Je ne suis plus immatériel, je sens leur odeur, leur pouls et leur sang qui pulse dans leurs veines, putain que c’est bon !

Taylor ferma les yeux, elle s’en était doutée après que Lev l’ait ramené, mais elle avait eu besoin de la confirmation de Shadow.

- Relaaaxe ! Je n’ai pas besoin de me nourrir, je siffle une partie de ton énergie pour vivre.

- Si tu touches à un humain, je n’hésiterais pas à te tuer, même si ça me condamne !

Le démon arrêta de jouer sur le rebord du toit et s’avança jusqu’à Taylor. Ils se tinrent l’un en face de l’autre et se toisèrent.

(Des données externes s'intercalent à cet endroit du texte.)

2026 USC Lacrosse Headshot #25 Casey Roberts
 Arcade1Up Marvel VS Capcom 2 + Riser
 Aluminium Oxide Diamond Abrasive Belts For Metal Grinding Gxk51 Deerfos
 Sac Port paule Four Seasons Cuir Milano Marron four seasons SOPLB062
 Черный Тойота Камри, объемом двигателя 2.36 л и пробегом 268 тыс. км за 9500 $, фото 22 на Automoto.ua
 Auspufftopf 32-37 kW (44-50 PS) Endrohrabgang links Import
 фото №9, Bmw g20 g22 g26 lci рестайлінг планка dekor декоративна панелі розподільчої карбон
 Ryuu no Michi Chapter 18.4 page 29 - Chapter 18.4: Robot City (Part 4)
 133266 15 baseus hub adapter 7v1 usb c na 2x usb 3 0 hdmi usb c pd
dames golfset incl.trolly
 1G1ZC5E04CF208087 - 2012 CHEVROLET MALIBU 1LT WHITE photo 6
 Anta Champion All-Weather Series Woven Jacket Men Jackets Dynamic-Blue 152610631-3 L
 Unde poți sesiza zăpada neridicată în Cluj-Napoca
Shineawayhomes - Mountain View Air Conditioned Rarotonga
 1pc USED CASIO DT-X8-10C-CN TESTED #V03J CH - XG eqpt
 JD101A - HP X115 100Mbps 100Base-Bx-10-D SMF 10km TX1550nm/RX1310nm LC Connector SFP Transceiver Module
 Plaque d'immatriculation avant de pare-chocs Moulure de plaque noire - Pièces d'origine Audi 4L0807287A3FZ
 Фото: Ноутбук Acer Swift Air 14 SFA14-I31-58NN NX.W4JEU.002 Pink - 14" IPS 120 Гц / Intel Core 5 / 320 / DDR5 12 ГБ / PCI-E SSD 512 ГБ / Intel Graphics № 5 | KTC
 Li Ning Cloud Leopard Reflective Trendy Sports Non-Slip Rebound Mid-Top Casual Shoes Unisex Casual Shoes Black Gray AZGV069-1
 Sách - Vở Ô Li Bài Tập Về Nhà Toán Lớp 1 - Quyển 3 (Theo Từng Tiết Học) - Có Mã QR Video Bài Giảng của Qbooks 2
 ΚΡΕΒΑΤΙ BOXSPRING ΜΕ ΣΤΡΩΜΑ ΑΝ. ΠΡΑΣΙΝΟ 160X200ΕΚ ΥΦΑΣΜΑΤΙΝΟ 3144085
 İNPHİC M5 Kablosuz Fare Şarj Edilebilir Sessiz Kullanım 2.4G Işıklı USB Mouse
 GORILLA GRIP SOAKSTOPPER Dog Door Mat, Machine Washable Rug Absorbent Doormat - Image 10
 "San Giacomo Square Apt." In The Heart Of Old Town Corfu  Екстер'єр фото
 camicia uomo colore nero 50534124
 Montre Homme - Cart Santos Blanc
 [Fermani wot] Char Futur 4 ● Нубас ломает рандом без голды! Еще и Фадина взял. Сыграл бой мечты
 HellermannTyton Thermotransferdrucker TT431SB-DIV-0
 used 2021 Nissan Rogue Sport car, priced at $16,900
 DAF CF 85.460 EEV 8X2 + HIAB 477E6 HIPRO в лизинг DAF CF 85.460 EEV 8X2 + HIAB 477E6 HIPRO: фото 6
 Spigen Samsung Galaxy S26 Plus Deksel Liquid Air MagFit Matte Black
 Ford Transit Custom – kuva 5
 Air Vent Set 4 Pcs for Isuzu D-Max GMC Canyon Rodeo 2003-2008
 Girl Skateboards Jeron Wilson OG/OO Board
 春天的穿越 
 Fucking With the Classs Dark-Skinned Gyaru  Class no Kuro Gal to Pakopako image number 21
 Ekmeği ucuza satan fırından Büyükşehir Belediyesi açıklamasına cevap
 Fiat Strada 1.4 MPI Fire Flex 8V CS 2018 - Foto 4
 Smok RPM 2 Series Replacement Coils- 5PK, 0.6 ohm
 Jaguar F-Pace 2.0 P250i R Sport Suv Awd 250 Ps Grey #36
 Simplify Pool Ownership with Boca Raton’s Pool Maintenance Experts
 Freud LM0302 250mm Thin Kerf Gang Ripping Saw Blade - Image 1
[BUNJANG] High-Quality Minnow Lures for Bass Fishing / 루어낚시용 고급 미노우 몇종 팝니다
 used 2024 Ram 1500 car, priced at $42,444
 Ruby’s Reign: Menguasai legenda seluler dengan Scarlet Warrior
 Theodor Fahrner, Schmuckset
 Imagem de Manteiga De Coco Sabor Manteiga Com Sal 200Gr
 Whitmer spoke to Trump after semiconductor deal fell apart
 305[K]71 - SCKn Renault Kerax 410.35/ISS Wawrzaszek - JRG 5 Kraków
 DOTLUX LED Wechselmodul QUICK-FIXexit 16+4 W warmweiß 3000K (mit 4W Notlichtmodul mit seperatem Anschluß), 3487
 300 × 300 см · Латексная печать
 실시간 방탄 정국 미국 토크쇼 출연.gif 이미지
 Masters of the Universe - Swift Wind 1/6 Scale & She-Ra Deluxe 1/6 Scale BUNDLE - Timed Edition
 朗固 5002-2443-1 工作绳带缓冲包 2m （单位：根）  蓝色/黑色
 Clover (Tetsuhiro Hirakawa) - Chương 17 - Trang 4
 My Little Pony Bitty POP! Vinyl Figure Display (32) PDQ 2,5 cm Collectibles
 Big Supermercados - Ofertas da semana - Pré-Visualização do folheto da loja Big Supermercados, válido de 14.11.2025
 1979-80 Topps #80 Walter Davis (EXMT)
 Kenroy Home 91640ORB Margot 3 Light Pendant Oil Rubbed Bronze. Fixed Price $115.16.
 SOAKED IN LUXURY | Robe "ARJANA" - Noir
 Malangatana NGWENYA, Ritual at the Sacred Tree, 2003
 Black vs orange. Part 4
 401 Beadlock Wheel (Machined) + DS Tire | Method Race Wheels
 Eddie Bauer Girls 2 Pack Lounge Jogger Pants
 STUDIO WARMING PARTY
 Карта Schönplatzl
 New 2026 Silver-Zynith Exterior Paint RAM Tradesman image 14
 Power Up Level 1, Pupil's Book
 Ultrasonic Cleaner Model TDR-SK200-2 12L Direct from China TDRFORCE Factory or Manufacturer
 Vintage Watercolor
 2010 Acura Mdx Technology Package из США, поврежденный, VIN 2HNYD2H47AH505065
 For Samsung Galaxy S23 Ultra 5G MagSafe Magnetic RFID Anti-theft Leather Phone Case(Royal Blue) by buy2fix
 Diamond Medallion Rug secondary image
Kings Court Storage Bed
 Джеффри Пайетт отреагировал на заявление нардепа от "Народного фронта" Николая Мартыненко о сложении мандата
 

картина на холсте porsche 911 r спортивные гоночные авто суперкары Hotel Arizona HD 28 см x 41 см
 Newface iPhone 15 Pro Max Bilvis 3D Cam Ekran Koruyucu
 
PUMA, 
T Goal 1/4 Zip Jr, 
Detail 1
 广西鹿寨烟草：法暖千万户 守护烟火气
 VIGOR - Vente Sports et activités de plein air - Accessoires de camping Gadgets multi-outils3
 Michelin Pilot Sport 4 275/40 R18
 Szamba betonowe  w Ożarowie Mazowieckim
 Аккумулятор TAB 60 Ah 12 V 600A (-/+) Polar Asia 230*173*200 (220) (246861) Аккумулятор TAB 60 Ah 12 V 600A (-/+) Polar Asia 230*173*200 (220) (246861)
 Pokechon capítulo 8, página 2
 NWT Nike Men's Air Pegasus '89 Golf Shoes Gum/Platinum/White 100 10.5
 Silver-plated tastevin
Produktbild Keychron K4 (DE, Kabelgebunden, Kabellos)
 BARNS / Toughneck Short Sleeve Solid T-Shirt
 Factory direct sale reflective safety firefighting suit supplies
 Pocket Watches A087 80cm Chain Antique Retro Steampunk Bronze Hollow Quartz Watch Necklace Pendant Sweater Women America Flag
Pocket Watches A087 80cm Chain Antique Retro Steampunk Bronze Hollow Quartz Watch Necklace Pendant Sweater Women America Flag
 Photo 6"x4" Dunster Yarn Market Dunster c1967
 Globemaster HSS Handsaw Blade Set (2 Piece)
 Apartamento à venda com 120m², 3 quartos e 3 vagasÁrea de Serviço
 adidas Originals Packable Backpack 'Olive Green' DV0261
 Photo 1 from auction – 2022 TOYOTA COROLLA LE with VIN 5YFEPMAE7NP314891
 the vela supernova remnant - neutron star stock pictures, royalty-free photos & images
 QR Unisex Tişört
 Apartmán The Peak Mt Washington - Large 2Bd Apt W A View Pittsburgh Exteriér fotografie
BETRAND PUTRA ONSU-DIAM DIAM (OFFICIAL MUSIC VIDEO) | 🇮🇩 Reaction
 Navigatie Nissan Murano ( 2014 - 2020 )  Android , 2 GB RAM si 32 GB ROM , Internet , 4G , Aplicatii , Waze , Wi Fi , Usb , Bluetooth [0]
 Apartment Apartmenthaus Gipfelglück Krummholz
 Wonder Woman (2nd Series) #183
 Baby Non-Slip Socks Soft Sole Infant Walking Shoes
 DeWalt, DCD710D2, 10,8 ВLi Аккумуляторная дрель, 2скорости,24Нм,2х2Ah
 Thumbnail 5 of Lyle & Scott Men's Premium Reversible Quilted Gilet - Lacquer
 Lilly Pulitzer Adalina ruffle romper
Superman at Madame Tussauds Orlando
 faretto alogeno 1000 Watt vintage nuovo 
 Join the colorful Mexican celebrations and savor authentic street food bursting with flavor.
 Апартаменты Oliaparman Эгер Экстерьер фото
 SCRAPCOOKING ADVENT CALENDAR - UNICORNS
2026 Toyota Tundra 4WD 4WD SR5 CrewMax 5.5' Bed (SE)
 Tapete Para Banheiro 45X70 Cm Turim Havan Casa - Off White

- Je ne toucherais pas aux humains, mais je ne peux pas te garantir de pouvoir garder le contrôle si un épisode comme celui-là se reproduit.

- Maintenant, on sait.

Ils tendirent chacun leurs bras et posèrent respectivement leur main sur l’avant-bras de l’autre. Un sourire en coin se dessina sur le visage de Taylor et si Shadow n’avait pas eu la bouche scellée, elle ne doutait pas qu’il sourirait également. Elle devait encore assimiler ses capacités décuplées et les nouvelles qui étaient apparues par le biais du démon, mais elle savait qu’elle y arrivait.

- Taylor ?

La voix de Lev parvint à ses oreilles et la trappe s’ouvrit. Shadow disparut à la seconde où les yeux de son affect se posèrent sur elle.

- Que fais-tu ?

- Rien, je prends l’air.

Taylor laissa retomber son bras le long de son corps et s’approcha de son ami. Lev se sentait blessé et trahi : il souffrait et voulait des réponses. Sauf que Taylor n’était pas en mesure de lui en fournir. Ils allaient devoir parler, c’était inévitable, mais elle savait qu’elle allait devoir lui mentir, une fois de plus. Lev était loin d’être dupe et peu importait le mensonge qu’elle trouverait, leur relation et leur lien en pâtiraient.